Des loyers demeurant impayés, le bailleur a fait signifier à Madame [X] [A] un commandement de payer, visant la clause résolutoire, le 24 mai 2024, dénoncé à la CCAPEX le 27 mai 2024 (date enregistrement). La CAF a été saisie le 28 février 2024.
Par acte de Commissaire de justice, en date du 20 février 2025, dénoncé à la Préfecture de la Charente-Maritime le 25 février 2025 (date d’enregistrement), la SA d’HLM IMMOBILIERE ATLANTIC AMENAGEMENT a assigné Madame [X] [A] aux fins de :
— Constater l’acquisition de la clause résolutoire et prononcer la résiliation de plein droit du bail concernant le logement ;
— Ordonner son expulsion ainsi que celle de tous occupants de son chef avec si besoin, assistance de la force publique ;
— Condamner Madame [X] [A] au paiement, en deniers ou quittance, d’une somme de 831,15 euros au titre des loyers échus à la date de l’assignation outre les intérêts au taux légal à compter de la présente demande introductive d’instance, somme à majorer des éventuelles échéances qui n’auraient pas été réglées comprises entre cette demande et la date d’audience,
— Condamner Madame [X] [A] au paiement d’une indemnité d’occupation d’un montant égal au loyer révisable dans les conditions contractuelles du bail et charges comprises, à compter du jugement à intervenir et jusqu’à libération complète et effective des lieux.
Le bailleur réclame en outre 500,00 euros au titre de l’article 700 du Code de Procédure Civile, ainsi que la condamnation de la débitrice aux dépens, le tout au bénéfice de l’exécution provisoire.
L’affaire a été retenue à l’audience du 19 mai 2025, à laquelle la SA d’HLM IMMOBILIERE ATLANTIC AMENAGEMENT était représentée par son conseil. Bien que régulièrement citée à personne, Madame [X] [A] n’a pas comparu et ne s’est pas fait représenter.

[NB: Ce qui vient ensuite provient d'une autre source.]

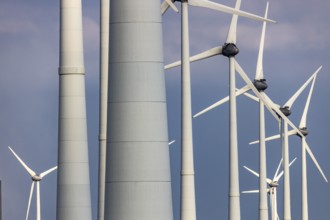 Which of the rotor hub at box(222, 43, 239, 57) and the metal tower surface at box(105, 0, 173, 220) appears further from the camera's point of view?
the rotor hub at box(222, 43, 239, 57)

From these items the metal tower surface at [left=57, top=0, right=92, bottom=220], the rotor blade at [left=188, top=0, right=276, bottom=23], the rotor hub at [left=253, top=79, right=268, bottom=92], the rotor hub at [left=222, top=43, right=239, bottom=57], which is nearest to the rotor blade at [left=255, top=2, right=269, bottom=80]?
the rotor hub at [left=253, top=79, right=268, bottom=92]

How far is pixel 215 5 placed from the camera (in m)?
80.1

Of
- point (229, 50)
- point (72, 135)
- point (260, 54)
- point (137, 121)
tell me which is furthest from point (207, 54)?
point (137, 121)

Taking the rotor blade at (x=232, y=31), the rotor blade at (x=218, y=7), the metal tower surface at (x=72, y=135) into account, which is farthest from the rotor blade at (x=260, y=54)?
the metal tower surface at (x=72, y=135)

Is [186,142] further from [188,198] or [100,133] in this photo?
[100,133]

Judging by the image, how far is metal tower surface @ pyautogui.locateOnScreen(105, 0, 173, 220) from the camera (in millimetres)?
30922

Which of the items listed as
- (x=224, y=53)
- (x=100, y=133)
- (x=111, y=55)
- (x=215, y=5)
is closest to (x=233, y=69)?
(x=224, y=53)

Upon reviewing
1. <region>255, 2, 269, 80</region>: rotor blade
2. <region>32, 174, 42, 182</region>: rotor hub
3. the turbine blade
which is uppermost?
<region>255, 2, 269, 80</region>: rotor blade

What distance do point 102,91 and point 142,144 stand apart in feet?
73.4

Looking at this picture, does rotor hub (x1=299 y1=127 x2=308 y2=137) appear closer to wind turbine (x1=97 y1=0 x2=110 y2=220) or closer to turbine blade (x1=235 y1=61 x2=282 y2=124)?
turbine blade (x1=235 y1=61 x2=282 y2=124)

Le bailleur actualise sa créance à 1.411,00 euros, en indiquant que le loyer est de 447,00 euros. Il précise que les paiements ont repris et qu’il n’est pas opposé aux délais ni au maintien dans les lieux. Il ajoute que le dossier de surendettement a été déclaré recevable et qu’il n’a pas connaissance d’un recours.
Il indique qu’à sa connaissance, il n’a pas été avisé d’une problématique d’insalubrité, outre que la locataire ne bénéficie pas d’une mesure de protection.
Le diagnostic social et financier est parvenu au greffe le 22 avril 2025.
L’affaire a été mise en délibéré au 07 juillet 2025, par mise à disposition au greffe.
MOTIFS DU JUGEMENT
L’article 472 du Code de procédure civile dispose qu’ « il est néanmoins statué sur le fond si le défendeur ne comparaît pas, le juge ne faisant droit à la demande que dans la mesure où il l’estime régulière, recevable et bien fondée ».
Sur la recevabilité
Aux termes de l’article 24 II de la loi du 6 juillet 1989, dans sa version issue de la loi du 27 juillet 2023 entrée en vigueur le 29 juillet 2023, à peine d’irrecevabilité de la demande, « Les bailleurs personnes morales autres qu’une société civile constituée exclusivement entre parents et alliés jusqu’au quatrième degré inclus ne peuvent faire délivrer, sous peine d’irrecevabilité de la demande, une assignation aux fins de constat de résiliation du bail avant l’expiration d’un délai de deux mois suivant la saisine de la commission de coordination des actions de prévention des expulsions locatives ».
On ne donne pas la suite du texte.